En guise de rappel, le projet de loi australien (An Act to Amend the Competition and Consumer Act) vise à remédier au déséquilibre du pouvoir de négociation entre les plateformes et les agences de presse. Il autorise le gouvernement à créer un code de négociation des médias dans lequel les plateformes sont contraintes de négocier avec les éditeurs et les diffuseurs, principalement sur les contenus payants, mais aussi sur des questions secondaires telles que les modifications des algorithmes de classement des contenus. En cas d’échec des négociations, un arbitrage contraignant est possible. Voilà la clé pour corriger le déséquilibre du pouvoir de négociation et obtenir un meilleur accord pour les organismes de presse.
Mais rien de tout cela ne vaut que le gouvernement exerce d’abord son pouvoir discrétionnaire d’appliquer la législation en « désignant » une plateforme. Et le gouvernement ne désignera pas nécessairement Google ou Facebook - l’amendement clé auquel Morrison a renoncé pour mettre fin à la grève de Facebook - si la plateforme « a contribué de manière significative à la durabilité de l’industrie australienne de l’information par le biais d’accords relatifs au contenu de l’information des entreprises d’information australiennes (y compris les accords visant à rémunérer ces entreprises pour leur contenu) » [s. 52E (3)].
Une contribution notable au journalisme. Souvenez-vous de ces mots si délicieusement vagues.
Après avoir conclu des accords avec la quasi-totalité des grands éditeurs et diffuseurs d’informations nationaux dans le mois précédant l’adoption de la loi (là encore, les détails, y compris le prix, sont secrets), le gouvernement australien a choisi de ne pas « désigner » Google ou Facebook.
Quelques mois plus tard : Facebook (mais pas Google) refuse de négocier avec deux petits organismes de presse nationaux bien établis, le site d’information d’investigation à but non lucratif The Conversation (qui possède des agences de presse parallèles dans sept autres pays, dont le Canada) et le Special Broadcasting Service, un radiodiffuseur public qui propose des programmes d’information et des documentaires multiethniques, un peu comme OMNI News au Canada.
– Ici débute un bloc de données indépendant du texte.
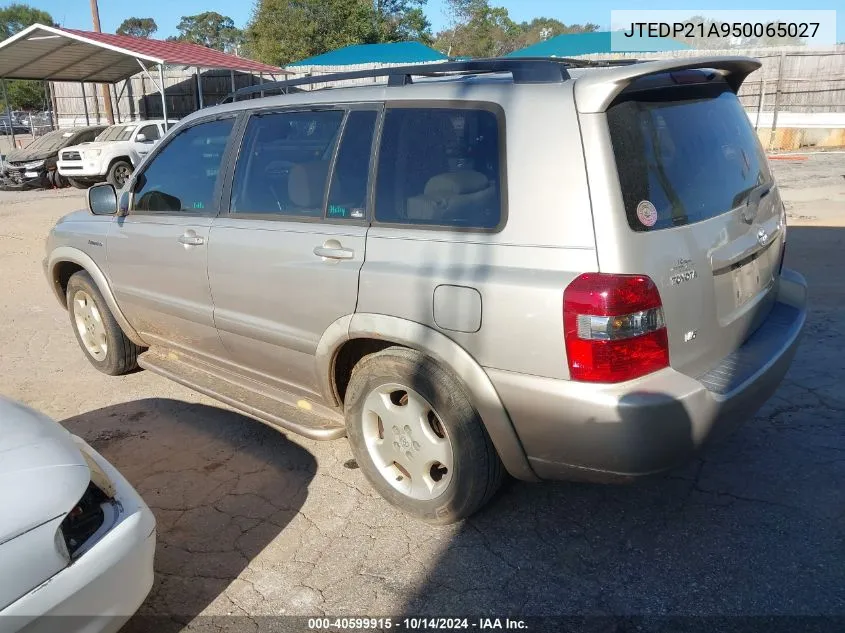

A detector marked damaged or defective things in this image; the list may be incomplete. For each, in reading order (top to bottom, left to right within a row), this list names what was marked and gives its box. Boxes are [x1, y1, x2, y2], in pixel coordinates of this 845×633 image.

damaged car [0, 126, 105, 190]
cracked asphalt [0, 152, 840, 628]
damaged car [0, 398, 155, 628]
Lisa Watts, PDG de The Conversation, a déclaré : « Je crois qu’ils ont simplement cherché à éviter l’arbitrage en concluant plusieurs accords de plusieurs millions de dollars avec de grandes entreprises médiatiques influentes et qu’ils estiment en avoir fait assez pour l’éviter. »
Rod Sims, le chef du Bureau de la concurrence chargé de recommander au gouvernement australien de « désigner » Facebook en vertu du Media Bargaining Code, toujours suspendu, n’est pas content. Il a publiquement laissé entendre qu’il pourrait demander au gouvernement de désigner Facebook et de l’obliger à négocier avec tous les organismes de presse australiens légitimes, et pas seulement avec ceux qu’ils aiment.
Jusqu’à présent, Facebook ne bronche pas : les accords qu’il a conclus avec d’autres éditeurs et radiodiffuseurs pourraient signifier qu’il « contribue déjà de manière significative au journalisme » sans verser un centime à deux organismes de presse qui remplissent incontestablement les conditions d’admissibilité prévues par le code de négociation qui doit encore être imposé.
Il convient de noter que la législation ne stipule pas que Facebook doit conclure un accord avec chaque organisme de presse légitime pour éviter la désignation et l’arbitrage.
Ici, au Canada, le nouveau ministre du Patrimoine, Pablo Rodriguez (c’est son deuxième mandat), doit déposer un projet de loi sur la plateforme avant Noël, conformément à la promesse électorale des libéraux.
Nous verrons alors si le modèle australien a perdu de son lustre pour le gouvernement fédéral ou si le ministre Rodriguez proposera plutôt un fonds de nouvelles conventionnel dans lequel le gouvernement fixera les règles de base pour reconnaître les organismes de presse légitimes et le prix d’une « contribution significative au journalisme ».